北朝鮮が日本の上空を通過させる形で弾道ミサイルを発射したり、「水爆実験に成功した」と発表したりしたことで、改めて日米同盟の堅持や強化の必要性がクローズアップされている。中東地域と並ぶ地政学リスクとなった東アジアの中で日本が生き残るには、日米同盟が不可欠という点に疑問の余地はない。

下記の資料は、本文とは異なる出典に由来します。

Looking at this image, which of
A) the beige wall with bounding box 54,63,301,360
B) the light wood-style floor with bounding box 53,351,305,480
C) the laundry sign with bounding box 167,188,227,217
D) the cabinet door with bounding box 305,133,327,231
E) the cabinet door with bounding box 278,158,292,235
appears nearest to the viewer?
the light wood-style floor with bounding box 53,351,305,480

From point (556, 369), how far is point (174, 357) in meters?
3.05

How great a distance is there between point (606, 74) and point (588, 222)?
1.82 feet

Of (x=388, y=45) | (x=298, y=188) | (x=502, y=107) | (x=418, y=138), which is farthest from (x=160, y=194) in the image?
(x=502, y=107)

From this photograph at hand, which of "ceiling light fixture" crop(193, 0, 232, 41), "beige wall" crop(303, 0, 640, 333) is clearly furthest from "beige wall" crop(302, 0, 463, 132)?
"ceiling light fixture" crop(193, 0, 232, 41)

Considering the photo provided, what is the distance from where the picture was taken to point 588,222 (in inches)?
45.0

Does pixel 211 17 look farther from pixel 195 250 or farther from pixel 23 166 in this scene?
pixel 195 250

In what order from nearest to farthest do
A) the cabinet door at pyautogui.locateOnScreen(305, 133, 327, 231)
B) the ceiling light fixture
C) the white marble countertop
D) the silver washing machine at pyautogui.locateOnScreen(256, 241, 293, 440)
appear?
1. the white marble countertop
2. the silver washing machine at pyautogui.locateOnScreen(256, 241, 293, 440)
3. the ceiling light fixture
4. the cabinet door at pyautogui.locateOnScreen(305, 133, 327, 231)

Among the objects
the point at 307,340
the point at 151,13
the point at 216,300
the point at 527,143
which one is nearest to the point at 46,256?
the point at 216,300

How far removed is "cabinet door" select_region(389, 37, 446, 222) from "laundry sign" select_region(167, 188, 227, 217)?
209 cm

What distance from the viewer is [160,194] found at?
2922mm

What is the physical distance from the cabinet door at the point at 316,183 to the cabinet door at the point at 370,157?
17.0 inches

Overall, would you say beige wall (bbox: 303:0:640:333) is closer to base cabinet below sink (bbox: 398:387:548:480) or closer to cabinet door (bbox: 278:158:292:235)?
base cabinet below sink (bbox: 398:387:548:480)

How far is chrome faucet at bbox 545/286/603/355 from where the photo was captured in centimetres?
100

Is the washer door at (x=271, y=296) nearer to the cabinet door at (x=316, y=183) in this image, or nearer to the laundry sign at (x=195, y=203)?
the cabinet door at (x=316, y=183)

だが、はたして同盟関係に絶対的な信頼を寄せても大丈夫なのか。中東の国際政治は、同盟への過信が禁物であることを物語っている。「核保有国」と国際社会で認定される可能性もある北朝鮮や軍事大国化する中国を周辺に抱えた日本が、中東の過酷な現実から学べることもありそうだ。

■イスラエルは同盟関係に安住していない

国連安保理が機能不全に陥り、世界は事実上の無政府状態に近い状態にある。軍事力を背景にしたパワーポリティクスが展開される弱肉強食の国際政治環境の下、自前で軍事力を備えるか、同盟関係に頼るかという二者択一しかない――。

これが国際関係学で今も根強い現実主義派の考え方だ。現実的には軍事力の強化にも限界があるし、同盟も裏切りなど想定外の事態がありうる。第2次世界大戦後も幾多の戦争を経験してきた中東には、軍事力と同盟の双方を強化する折衷型を採用する国が多い。

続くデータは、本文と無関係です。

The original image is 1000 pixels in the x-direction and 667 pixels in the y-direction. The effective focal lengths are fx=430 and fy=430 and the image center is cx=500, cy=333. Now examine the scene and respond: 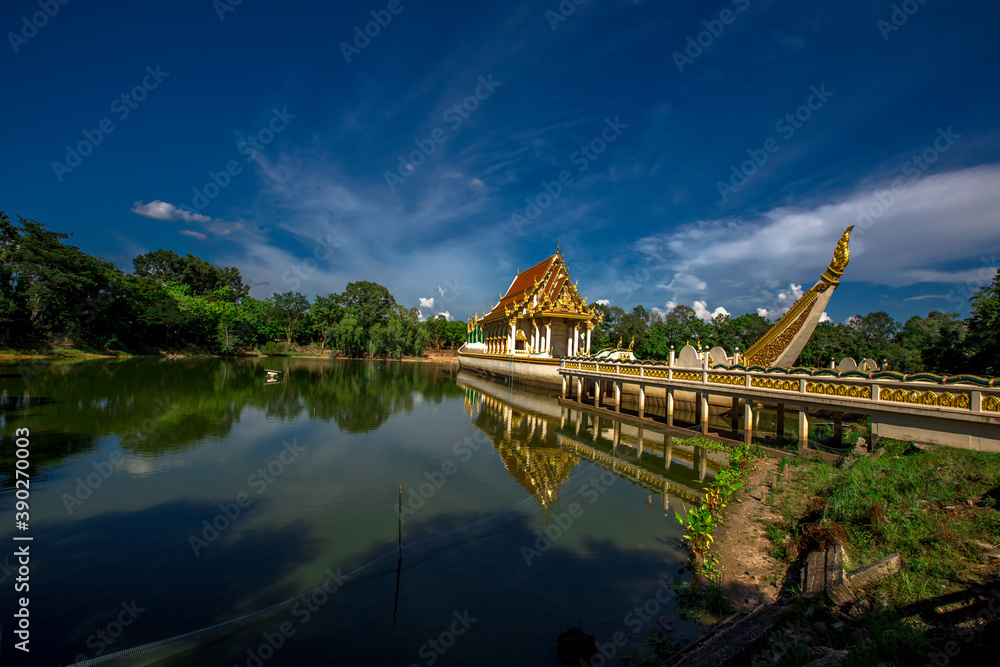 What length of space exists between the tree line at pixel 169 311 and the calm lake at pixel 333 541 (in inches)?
1188

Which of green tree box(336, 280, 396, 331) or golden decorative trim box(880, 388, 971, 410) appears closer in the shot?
golden decorative trim box(880, 388, 971, 410)

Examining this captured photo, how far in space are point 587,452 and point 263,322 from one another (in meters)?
57.3

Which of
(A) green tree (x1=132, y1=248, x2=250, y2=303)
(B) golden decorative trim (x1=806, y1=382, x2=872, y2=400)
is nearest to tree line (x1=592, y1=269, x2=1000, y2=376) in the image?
(B) golden decorative trim (x1=806, y1=382, x2=872, y2=400)

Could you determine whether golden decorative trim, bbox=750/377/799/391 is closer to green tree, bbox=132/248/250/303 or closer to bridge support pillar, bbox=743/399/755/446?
bridge support pillar, bbox=743/399/755/446

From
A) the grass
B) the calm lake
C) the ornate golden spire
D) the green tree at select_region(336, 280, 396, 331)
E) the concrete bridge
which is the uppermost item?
the green tree at select_region(336, 280, 396, 331)

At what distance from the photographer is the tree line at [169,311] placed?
34.0m

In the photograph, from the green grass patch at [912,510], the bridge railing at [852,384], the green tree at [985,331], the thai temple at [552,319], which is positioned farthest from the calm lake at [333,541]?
the thai temple at [552,319]

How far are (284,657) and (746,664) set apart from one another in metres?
4.19

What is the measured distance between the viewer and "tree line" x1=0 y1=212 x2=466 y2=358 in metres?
34.0

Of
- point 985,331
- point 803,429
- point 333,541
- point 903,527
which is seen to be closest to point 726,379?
point 803,429

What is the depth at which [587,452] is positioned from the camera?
41.6 ft

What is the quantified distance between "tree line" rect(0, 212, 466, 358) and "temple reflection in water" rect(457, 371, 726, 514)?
3854cm

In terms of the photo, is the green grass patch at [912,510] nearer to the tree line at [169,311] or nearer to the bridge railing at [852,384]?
the bridge railing at [852,384]

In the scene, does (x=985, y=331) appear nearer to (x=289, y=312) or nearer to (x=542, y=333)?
(x=542, y=333) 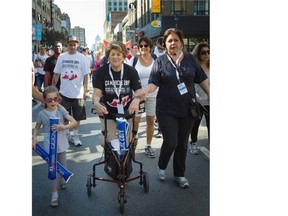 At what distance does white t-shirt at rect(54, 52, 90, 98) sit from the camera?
17.2ft

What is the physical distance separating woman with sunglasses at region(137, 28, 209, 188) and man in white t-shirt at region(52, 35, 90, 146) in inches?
72.6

中東の同盟関係で筆頭に挙げられるのは、米・イスラエル関係であろう。米軍基地はなく「同盟条約なき同盟」といわれる両国の関係だが、米国は巨額の軍事援助を継続しており、イスラエルの宿敵イランの領空への無給油飛行が可能な戦闘機F16Iなどの兵器を供給する特別な関係にある。

だが、イスラエルは米との同盟関係に安住していない。国民皆兵でエリート教育によってサイバー部門など精鋭軍人養成ルートが確立されているほか、軍事技術を持った退役軍人が民間のハイテク部門に転じ、技術力向上に寄与するという好循環を作っている。これは、四国とほぼ同じ面積のイスラエルに約8000社のベンチャー企業がひしめくという事実に表れている。

イスラエルは、占領地のヨルダン川西岸で国連決議を無視したユダヤ人入植地の拡大も続けている。ユダヤ人右派の政治力学を反映したものでもあるが、西岸にある入植地の存在はイスラエルの安全保障の要でもある。

イスラエルの国土は狭隘(きょうあい)で戦略的縦深性に乏しい。最短区間である中部の都市ネタニヤと、西岸のパレスチナ自治区トルカレムの区間は約16kmしかない。入植地の多くは、戦略的な高地に位置している。近隣諸国と一戦を交える場合の戦略的縦深性を確保するためだ。こうしてイスラエルは、米国との同盟関係には過度に依存せず、国民の総力戦で生き残りを模索している。